TCP Sockets in C

In order to program an EPP Client in C how I want, the next thing I need to learn about are TCP sockets.

Recap

In my article Creating a Nominet-Compatible EPP Client I created a simple TLS HTTP(S) client. It doesn't have much functionality, but that is because there is no interaction.

I have decided that I will be using TCP sockets for clients to communicate with my EPP service, which will itself communicate with Nominet's EPP server.

While I will probably use encryption further down the line to secure the TCP connections, for now I just want to be able to test things using telnet. That means I just need to learn about TCP sockets (and how to program that stuff in C).

TCP

TCP is a connection-oriented (CO) protocol, as opposed to the connectionless UDP protocol. At its simplest that means that TCP confirms packets you have sent have been received, whereas with UDP you just throw packets at the destination and hope they arrive.

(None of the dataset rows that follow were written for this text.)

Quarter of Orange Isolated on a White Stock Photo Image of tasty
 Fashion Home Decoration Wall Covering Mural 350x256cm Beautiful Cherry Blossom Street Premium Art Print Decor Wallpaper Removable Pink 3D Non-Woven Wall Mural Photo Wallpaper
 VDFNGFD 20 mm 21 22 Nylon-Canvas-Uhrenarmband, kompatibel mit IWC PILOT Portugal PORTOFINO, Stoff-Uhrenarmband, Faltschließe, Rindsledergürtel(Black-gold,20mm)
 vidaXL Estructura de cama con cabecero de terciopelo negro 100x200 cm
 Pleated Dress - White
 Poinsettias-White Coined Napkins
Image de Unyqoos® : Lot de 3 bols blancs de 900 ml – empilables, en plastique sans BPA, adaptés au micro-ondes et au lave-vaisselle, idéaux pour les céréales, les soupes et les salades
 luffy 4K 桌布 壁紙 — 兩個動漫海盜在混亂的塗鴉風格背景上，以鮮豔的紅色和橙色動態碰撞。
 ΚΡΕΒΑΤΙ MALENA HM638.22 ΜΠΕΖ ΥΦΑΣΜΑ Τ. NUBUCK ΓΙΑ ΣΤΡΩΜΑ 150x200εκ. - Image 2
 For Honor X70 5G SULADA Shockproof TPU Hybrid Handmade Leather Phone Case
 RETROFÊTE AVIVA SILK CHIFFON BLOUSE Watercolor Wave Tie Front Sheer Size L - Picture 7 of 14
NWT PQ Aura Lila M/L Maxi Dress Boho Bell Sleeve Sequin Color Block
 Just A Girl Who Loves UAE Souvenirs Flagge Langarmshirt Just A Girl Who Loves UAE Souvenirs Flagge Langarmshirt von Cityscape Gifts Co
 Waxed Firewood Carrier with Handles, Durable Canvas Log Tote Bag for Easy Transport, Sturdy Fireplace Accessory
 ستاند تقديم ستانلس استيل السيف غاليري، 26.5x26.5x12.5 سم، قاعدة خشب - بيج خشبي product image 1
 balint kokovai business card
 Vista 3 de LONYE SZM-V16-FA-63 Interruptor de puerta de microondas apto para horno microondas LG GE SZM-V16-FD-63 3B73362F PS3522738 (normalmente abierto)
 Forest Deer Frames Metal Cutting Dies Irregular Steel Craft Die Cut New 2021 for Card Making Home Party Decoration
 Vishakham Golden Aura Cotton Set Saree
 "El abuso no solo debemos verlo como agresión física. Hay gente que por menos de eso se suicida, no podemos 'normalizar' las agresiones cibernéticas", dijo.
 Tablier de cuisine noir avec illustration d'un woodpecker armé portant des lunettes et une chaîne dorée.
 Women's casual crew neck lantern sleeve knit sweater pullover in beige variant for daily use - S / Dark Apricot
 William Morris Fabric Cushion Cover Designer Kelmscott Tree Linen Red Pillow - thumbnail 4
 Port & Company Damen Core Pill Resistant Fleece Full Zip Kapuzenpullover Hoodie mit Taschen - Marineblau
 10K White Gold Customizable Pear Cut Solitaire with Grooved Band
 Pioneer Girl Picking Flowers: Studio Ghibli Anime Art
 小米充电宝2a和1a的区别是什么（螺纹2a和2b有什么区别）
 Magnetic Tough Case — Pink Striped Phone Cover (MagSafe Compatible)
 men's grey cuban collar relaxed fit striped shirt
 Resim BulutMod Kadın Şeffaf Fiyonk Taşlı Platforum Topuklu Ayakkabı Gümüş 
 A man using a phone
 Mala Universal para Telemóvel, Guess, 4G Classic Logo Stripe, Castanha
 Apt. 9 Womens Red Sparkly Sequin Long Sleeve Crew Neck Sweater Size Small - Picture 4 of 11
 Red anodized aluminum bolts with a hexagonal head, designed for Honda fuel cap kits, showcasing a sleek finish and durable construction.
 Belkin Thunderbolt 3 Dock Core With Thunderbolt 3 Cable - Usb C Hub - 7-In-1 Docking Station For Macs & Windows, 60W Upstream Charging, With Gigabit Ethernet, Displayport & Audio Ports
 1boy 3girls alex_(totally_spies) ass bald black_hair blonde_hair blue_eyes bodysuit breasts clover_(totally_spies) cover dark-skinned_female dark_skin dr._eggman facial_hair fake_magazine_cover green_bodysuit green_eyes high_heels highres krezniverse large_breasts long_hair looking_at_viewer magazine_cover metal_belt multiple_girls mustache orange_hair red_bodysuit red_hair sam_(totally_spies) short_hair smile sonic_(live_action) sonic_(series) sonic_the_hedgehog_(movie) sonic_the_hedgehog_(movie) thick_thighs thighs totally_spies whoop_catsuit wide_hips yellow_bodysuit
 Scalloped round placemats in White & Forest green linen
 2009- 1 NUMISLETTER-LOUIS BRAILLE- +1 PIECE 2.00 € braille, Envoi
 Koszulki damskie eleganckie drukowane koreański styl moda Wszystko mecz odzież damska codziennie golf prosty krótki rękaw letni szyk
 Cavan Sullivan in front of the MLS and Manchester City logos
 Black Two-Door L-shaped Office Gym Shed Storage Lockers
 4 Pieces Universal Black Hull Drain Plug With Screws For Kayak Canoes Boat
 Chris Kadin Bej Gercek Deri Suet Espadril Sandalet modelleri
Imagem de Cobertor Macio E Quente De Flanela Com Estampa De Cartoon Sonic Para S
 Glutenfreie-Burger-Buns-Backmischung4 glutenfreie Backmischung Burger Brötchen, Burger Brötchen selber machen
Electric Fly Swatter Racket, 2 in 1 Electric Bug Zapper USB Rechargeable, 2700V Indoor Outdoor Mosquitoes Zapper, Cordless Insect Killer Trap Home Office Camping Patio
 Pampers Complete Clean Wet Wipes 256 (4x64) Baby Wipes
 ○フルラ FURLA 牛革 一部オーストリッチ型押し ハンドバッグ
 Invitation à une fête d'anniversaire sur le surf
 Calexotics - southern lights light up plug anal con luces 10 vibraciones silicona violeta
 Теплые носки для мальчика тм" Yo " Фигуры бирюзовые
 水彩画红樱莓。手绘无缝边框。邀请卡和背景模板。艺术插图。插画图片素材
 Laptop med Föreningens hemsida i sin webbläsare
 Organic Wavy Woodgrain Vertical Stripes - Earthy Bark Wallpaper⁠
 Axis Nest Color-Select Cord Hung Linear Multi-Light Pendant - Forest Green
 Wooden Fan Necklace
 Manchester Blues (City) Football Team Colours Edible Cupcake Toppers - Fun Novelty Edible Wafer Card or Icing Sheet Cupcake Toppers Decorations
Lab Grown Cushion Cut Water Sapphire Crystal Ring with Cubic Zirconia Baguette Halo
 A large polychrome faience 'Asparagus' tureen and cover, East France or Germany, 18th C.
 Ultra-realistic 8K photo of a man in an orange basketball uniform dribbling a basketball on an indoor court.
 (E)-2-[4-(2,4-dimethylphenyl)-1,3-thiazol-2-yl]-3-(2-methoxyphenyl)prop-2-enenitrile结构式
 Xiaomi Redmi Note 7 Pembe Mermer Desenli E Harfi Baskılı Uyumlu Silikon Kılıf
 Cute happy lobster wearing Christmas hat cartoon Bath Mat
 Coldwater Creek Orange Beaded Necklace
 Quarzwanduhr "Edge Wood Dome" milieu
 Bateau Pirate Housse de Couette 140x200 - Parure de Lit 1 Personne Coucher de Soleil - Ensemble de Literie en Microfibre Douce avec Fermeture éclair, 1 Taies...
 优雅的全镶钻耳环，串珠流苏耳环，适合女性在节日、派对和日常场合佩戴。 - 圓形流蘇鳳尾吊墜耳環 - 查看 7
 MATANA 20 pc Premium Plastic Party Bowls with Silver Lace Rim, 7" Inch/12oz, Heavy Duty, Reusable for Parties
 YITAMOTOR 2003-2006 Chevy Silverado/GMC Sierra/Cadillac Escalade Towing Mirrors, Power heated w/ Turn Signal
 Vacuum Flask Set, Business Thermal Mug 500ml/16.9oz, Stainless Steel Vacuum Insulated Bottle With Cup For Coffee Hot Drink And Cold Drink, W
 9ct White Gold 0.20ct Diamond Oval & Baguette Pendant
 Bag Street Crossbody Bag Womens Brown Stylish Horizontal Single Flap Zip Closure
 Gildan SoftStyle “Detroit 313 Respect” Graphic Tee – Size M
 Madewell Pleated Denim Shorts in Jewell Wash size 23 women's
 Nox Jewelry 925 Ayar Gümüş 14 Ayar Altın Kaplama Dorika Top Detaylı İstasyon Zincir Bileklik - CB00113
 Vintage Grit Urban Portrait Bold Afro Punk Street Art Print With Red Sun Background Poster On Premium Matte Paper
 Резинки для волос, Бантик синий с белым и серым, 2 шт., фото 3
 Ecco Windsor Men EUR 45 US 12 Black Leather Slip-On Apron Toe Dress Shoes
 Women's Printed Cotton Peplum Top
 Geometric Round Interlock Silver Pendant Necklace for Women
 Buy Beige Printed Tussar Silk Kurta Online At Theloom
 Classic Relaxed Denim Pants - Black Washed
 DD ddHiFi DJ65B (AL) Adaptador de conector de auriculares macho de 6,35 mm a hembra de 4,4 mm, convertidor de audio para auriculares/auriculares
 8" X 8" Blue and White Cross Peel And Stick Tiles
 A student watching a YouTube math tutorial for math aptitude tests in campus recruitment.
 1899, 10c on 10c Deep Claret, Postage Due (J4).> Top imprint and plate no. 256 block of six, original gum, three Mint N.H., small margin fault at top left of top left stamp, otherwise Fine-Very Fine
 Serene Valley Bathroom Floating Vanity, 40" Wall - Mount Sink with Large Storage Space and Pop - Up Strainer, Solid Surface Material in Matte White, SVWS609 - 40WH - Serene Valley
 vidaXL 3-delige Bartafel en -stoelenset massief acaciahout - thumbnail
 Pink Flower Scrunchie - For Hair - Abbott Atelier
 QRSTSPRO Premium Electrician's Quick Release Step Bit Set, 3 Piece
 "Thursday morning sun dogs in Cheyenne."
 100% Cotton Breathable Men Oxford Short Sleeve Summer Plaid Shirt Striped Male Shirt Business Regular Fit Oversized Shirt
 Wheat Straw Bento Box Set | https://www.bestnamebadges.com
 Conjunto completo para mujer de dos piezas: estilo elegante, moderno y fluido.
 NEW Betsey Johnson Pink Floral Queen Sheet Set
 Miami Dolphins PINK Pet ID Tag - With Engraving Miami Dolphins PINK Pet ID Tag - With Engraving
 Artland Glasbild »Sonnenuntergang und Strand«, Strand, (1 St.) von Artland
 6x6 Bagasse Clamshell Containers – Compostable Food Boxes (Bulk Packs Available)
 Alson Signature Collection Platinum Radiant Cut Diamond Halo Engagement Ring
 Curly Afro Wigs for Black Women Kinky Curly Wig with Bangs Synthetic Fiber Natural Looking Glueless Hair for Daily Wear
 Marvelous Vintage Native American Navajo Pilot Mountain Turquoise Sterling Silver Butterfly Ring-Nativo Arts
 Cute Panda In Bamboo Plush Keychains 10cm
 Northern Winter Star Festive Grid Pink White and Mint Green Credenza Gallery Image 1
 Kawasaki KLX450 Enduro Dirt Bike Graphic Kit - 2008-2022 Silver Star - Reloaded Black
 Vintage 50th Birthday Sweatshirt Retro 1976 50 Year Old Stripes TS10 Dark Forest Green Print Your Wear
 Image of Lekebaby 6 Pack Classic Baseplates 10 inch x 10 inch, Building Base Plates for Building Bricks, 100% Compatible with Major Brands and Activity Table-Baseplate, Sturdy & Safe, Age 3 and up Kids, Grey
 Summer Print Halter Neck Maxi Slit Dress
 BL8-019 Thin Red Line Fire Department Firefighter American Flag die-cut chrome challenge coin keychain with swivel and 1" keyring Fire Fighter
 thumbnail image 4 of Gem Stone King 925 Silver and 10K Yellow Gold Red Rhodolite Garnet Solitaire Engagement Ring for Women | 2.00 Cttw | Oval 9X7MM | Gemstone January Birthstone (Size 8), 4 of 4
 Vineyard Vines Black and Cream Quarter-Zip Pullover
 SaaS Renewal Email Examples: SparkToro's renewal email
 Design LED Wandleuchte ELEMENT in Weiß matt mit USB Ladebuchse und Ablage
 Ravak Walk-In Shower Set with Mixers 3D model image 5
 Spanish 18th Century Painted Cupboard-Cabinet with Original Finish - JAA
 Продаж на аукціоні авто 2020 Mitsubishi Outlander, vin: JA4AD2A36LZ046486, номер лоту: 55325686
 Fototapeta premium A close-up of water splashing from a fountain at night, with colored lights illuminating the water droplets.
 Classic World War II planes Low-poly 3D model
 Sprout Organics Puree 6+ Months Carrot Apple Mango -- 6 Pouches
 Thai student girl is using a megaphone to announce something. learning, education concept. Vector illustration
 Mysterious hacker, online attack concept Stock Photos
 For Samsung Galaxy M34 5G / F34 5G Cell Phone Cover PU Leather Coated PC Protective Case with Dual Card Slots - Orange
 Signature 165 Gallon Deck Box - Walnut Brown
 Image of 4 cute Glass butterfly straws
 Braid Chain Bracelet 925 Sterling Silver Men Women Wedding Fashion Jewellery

TCP also ensures packets arrive in the correct order, with the sender told to resend any packets that didn't arrive. For something where XML is being transmitted, it is important the packets are in the correct order otherwise the XML will likely be non-valid.

It is for that reason that the Web uses TCP rather than UDP. Gzip compressed Web pages split into packet-size chunks, sent through the tubes, and reassembled on the other side, probably wouldn't load properly if HTTP used UDP.

Anyway, the choice was between TCP and Unix Domain Sockets. Since you can't telnet to a UDS, I've gone with TCP. I may change my mind later, but the main consideration will be whether I want it to be accessible over the network or only from the local machine.

Creating a TCP Server

For this, I am going to heavily use code from Sockets Tutorial [www.LinuxHowtos.org] that I will build upon for my purpose.

The code I ended up with below has several modifications from the code in the tutorial. For example it is IPv6-based (IPv4-mapped IPv6 addresses supported) and it uses a fixed IP address and port (with no code for argv parameters).

This is just a starting point, and I wrote the code separate from my existing code so that I can see how it works. There is one issue with the code: a fixed buffer size of 256 bytes (255 excluding the \0) and that is all it will read.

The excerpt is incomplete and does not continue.